- Task instructions -
Return all of the data exactly, omitting any images.

Captioned web image data:
########################################

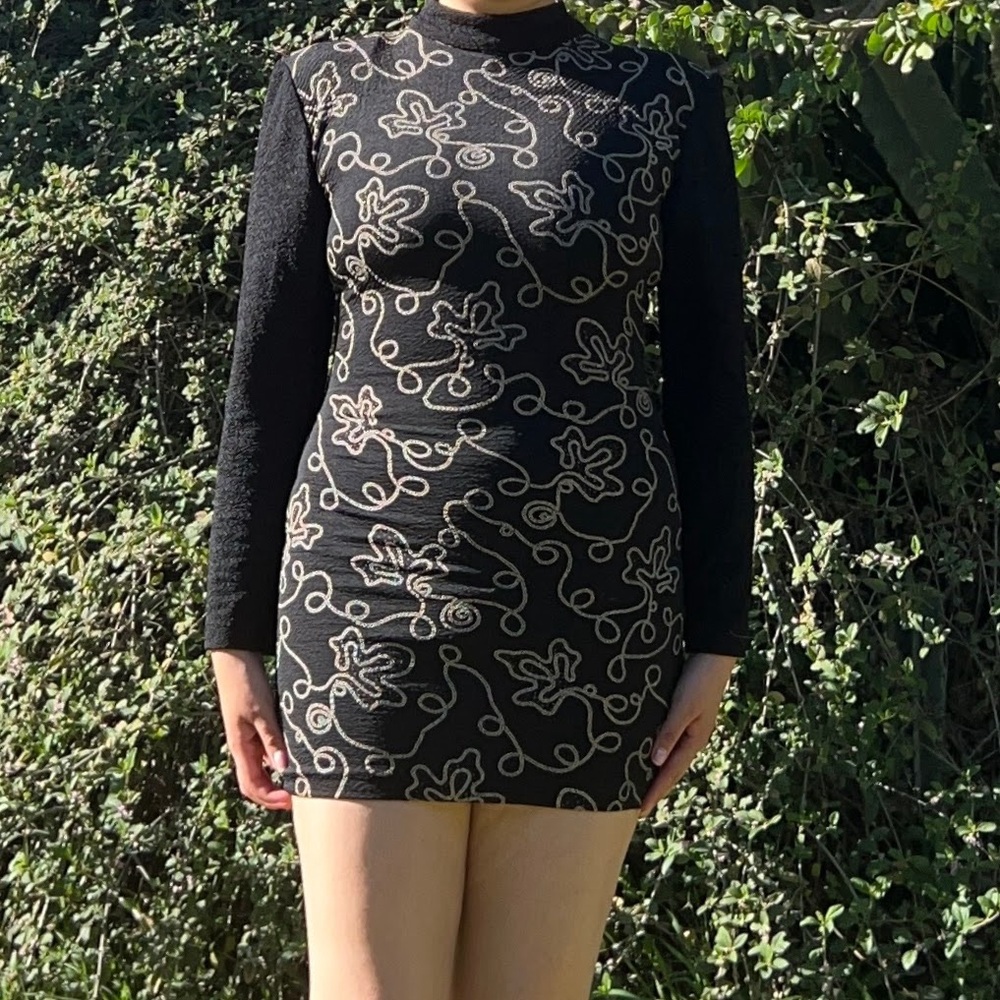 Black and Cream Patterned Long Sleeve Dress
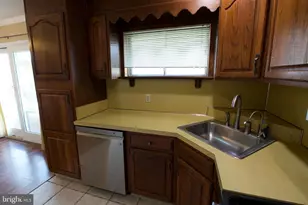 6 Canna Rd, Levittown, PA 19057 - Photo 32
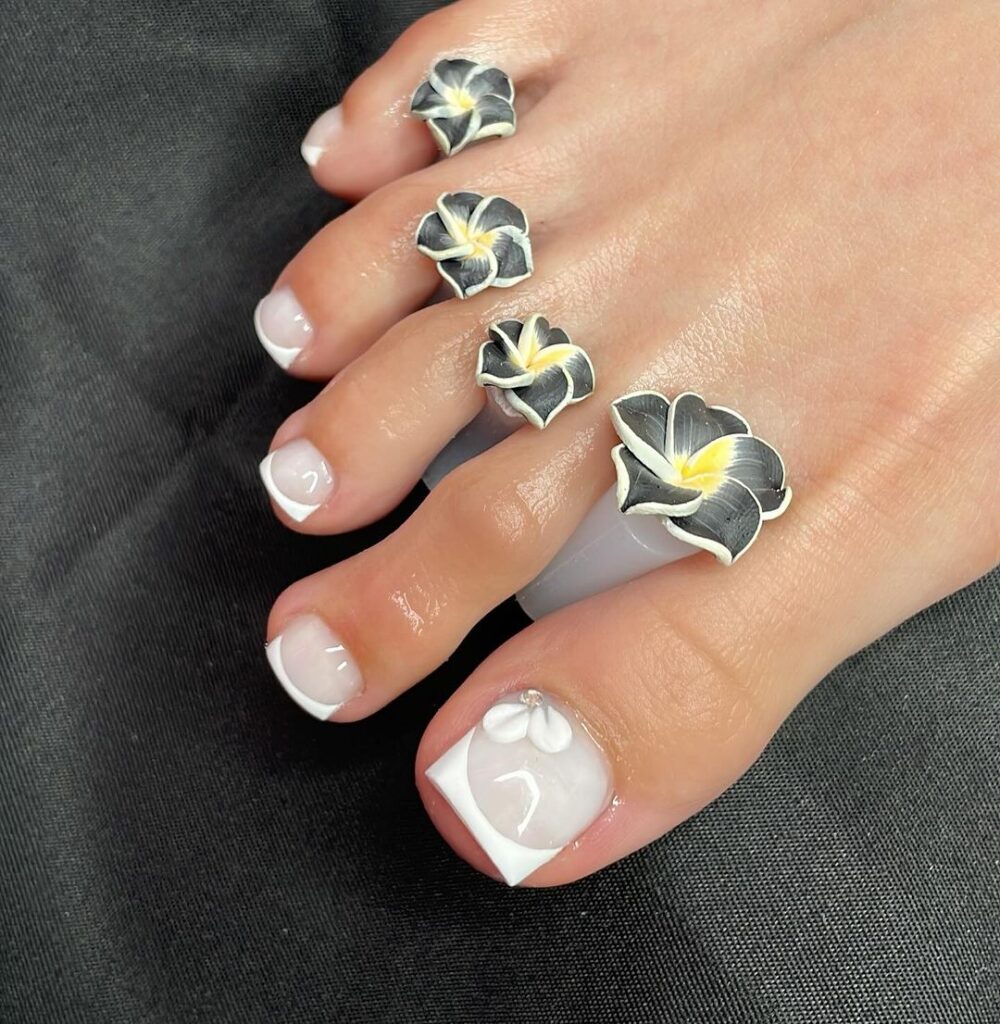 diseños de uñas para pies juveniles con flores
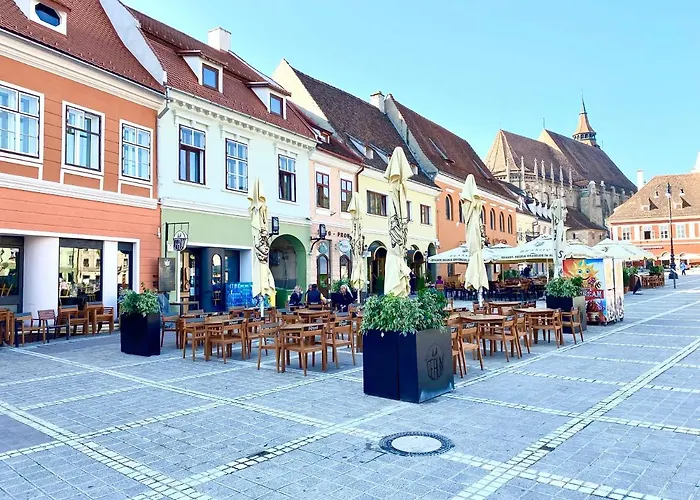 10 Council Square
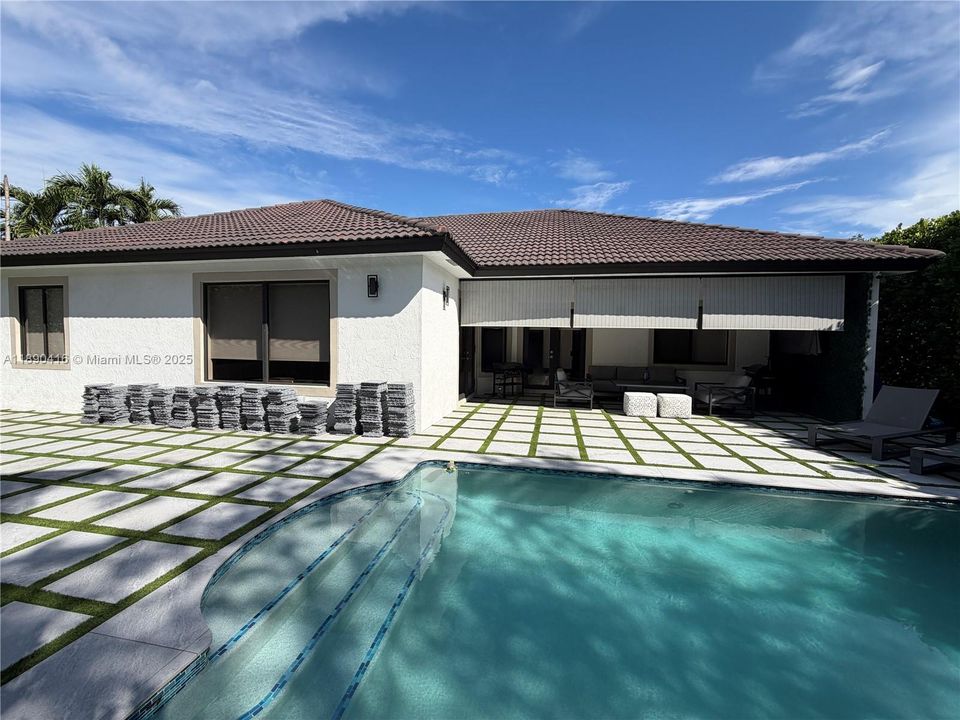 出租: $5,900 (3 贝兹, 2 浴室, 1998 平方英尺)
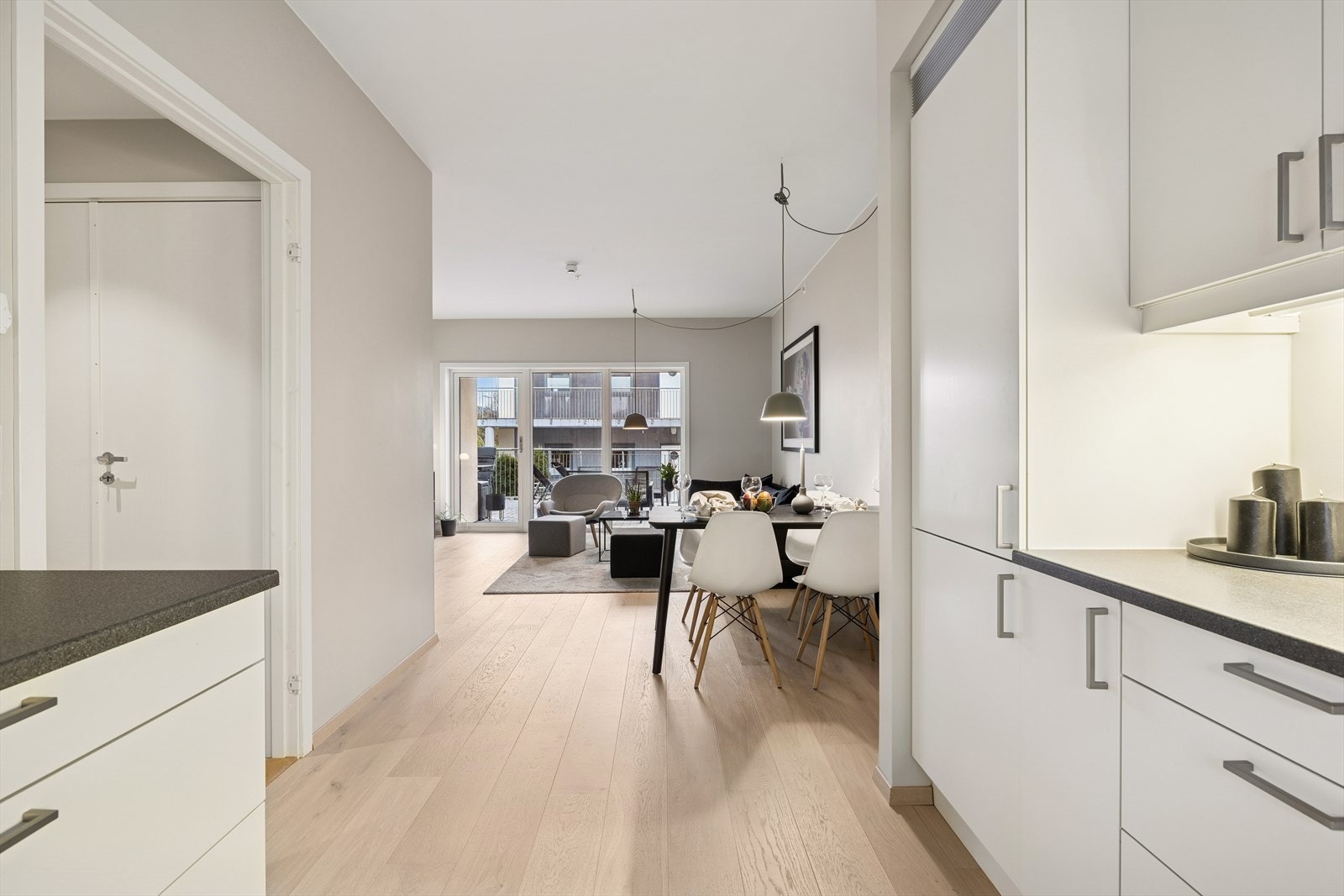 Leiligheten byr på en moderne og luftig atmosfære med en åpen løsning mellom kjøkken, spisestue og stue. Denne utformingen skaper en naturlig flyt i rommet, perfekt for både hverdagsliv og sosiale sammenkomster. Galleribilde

########################################

- Response area -
 Black and Cream Patterned Long Sleeve Dress
 6 Canna Rd, Levittown, PA 19057 - Photo 32
 diseños de uñas para pies juveniles con flores
 10 Council Square
 出租: $5,900 (3 贝兹, 2 浴室, 1998 平方英尺)
 Leiligheten byr på en moderne og luftig atmosfære med en åpen løsning mellom kjøkken, spisestue og stue. Denne utformingen skaper en naturlig flyt i rommet, perfekt for både hverdagsliv og sosiale sammenkomster. Galleribilde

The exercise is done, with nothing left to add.